Hello Mike, hello linux-kernel hackers,

Mike Galbraith wrote:
> I wouldn't (not going to here;) spend a lot of time on it. The compiler
> has problems. It won't build glibc-2.2, and chokes horribly on ipchains.

Maybe, but you were lucky getting an ICE, and not silently failing code :-)

After having spent several hours debugging now, I think it was
worth it (at least for my understanding of lower-level kernel issues and of
the (rather nice and almost readable) assembly code gcc generates). There
seems to be something going wrong in the down(sem) path after the
kernel_thread call.

I'm not sure if down() succeeds instantly when compiling the kernel with
2.95.2, but it seems to fail for 2.97; I figured out by spilling some
printk's around in bdflush_init, which made the bug magically disappear, due
to the looser timing. This also might happen for compiling with frame
pointers or with the static declaration variables, somehow.

Th bdflush_init function itself does not seem to be responsible, which
corresponds with the assembly, which is fine and should get the same results
for all compiled cases.

It seems that whyever, the cause for this failure is actually the down(sem)
call on a not yet up()'ed semaphore, and this is where it starts to get ugly.

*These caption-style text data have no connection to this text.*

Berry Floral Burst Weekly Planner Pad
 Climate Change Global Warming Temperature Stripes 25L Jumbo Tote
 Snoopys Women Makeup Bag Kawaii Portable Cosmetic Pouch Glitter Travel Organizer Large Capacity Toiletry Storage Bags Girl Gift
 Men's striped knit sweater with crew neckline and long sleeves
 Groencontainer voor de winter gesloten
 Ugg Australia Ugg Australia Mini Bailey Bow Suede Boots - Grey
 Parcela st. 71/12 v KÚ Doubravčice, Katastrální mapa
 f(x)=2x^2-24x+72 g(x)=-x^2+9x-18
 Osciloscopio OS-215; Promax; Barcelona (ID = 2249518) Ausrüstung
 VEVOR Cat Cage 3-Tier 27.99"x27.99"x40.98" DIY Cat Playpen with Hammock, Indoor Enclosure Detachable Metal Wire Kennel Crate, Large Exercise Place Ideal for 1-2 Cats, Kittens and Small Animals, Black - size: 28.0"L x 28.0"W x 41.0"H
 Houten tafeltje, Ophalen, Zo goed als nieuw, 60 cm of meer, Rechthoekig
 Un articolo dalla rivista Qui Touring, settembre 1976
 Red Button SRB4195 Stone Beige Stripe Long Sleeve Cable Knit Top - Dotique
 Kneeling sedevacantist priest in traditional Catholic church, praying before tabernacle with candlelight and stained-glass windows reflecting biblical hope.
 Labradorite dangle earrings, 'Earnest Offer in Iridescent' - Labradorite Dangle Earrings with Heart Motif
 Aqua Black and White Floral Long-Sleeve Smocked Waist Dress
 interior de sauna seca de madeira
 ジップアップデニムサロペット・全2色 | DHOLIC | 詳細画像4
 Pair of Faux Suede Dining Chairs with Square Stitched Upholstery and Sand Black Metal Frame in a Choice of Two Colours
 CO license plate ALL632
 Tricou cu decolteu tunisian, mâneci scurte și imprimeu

down() then calls __down_failed, which ends up in __down(); __down does some
waitqueue handling, which I don't understand, and then calls __wake_up - up
to then, everything seems fine, in __wake_up it is where my search ended up
to now, but I think something is wrong in this context; however, the
complexity of this code exceeds my knowledge by magnitudes, so I can't
continue searching there without going mad :-)

It would be nice if someone else could look from there on, now I've narrowed
the case down to rather low-level functions.